:: Extracted records

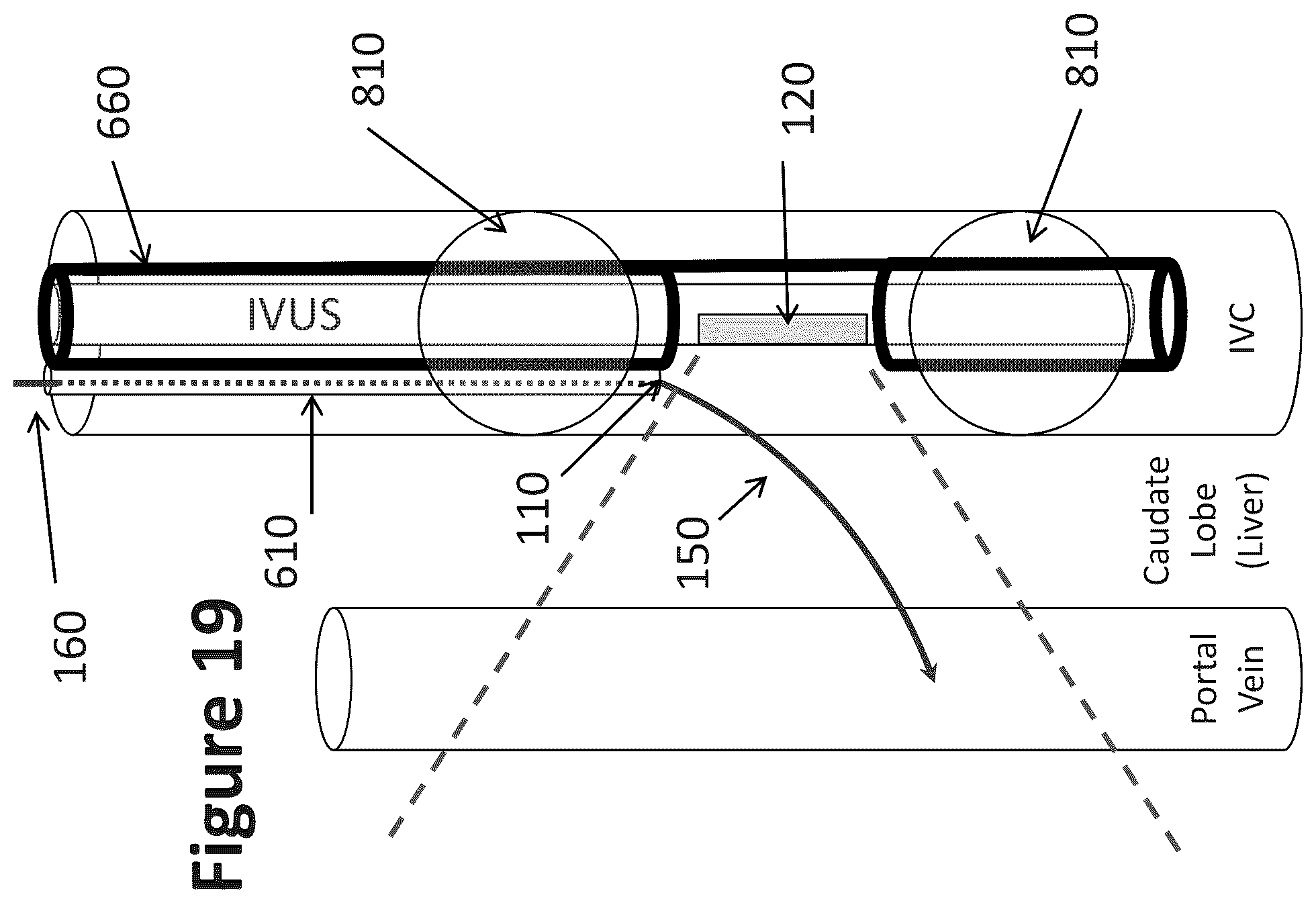 Patent US12303319 Figure 16 – Intravascular ultrasound needle guide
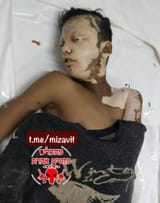 Dead Gaza nigger turned white lol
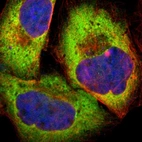 Immunofluorescent staining of human cell line A-431 shows localization to cytosol.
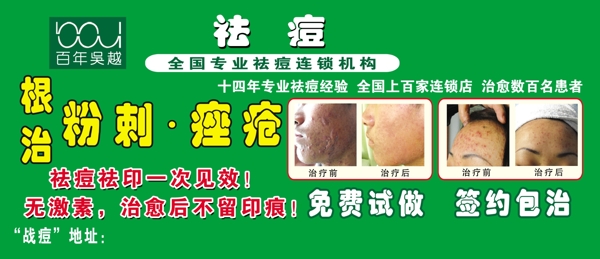 祛痘海報圖片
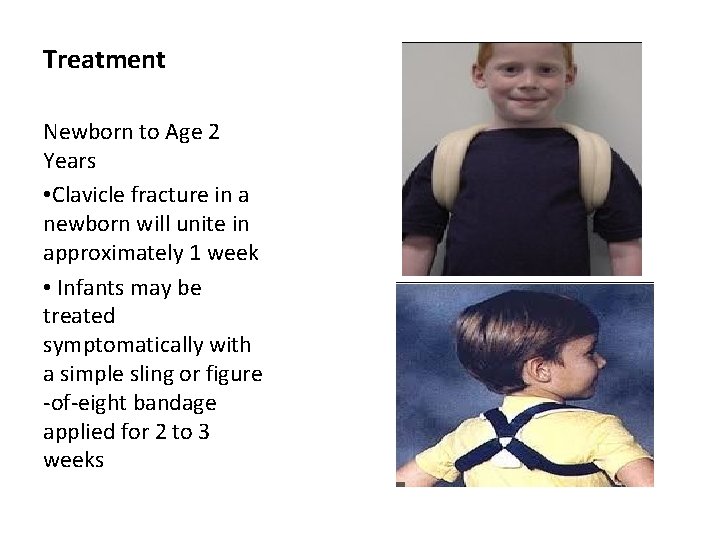Treatment Newborn to Age 2 Years • Clavicle fracture in a newborn will unite Treatment Newborn to Age 2 Years • Clavicle fracture in a newborn will unite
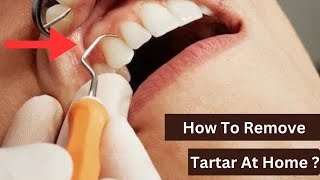 Is it Possible To Remove Tartar At Home [upl. by Duleba568]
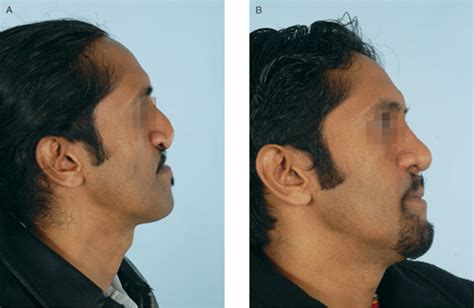 Lengthening the Short Nose | Plastic Surgery Key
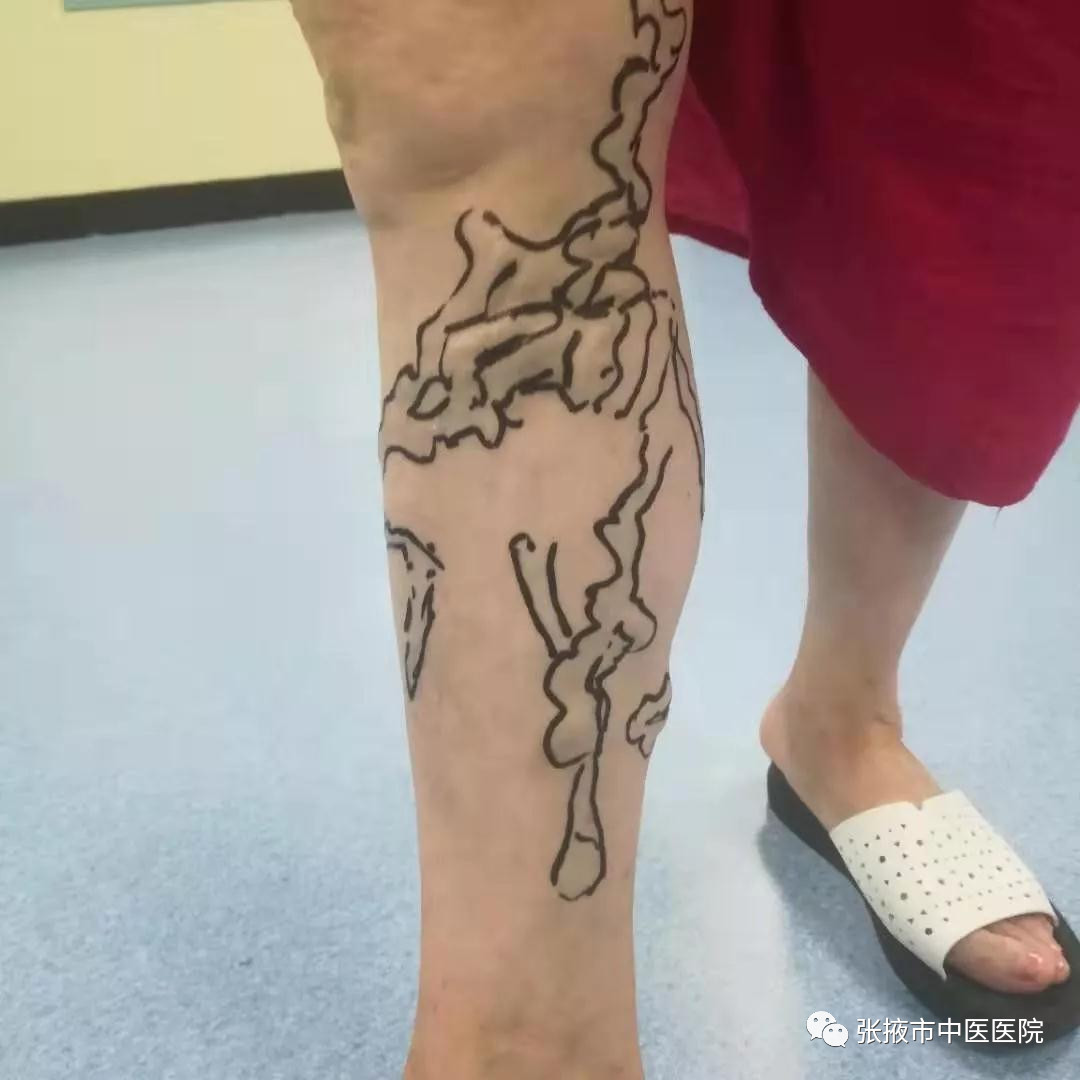 聚桂醇治疗静脉曲张护理操作,张掖市医院下肢静脉曲张微创手术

::::

Reproduce exactly and only the lines from the line that contains "will unite Treatment" to the end of the data above, both ends included. No pictures go in the copy.

Treatment Newborn to Age 2 Years • Clavicle fracture in a newborn will unite Treatment Newborn to Age 2 Years • Clavicle fracture in a newborn will unite
 Is it Possible To Remove Tartar At Home [upl. by Duleba568]
 Lengthening the Short Nose | Plastic Surgery Key
 聚桂醇治疗静脉曲张护理操作,张掖市医院下肢静脉曲张微创手术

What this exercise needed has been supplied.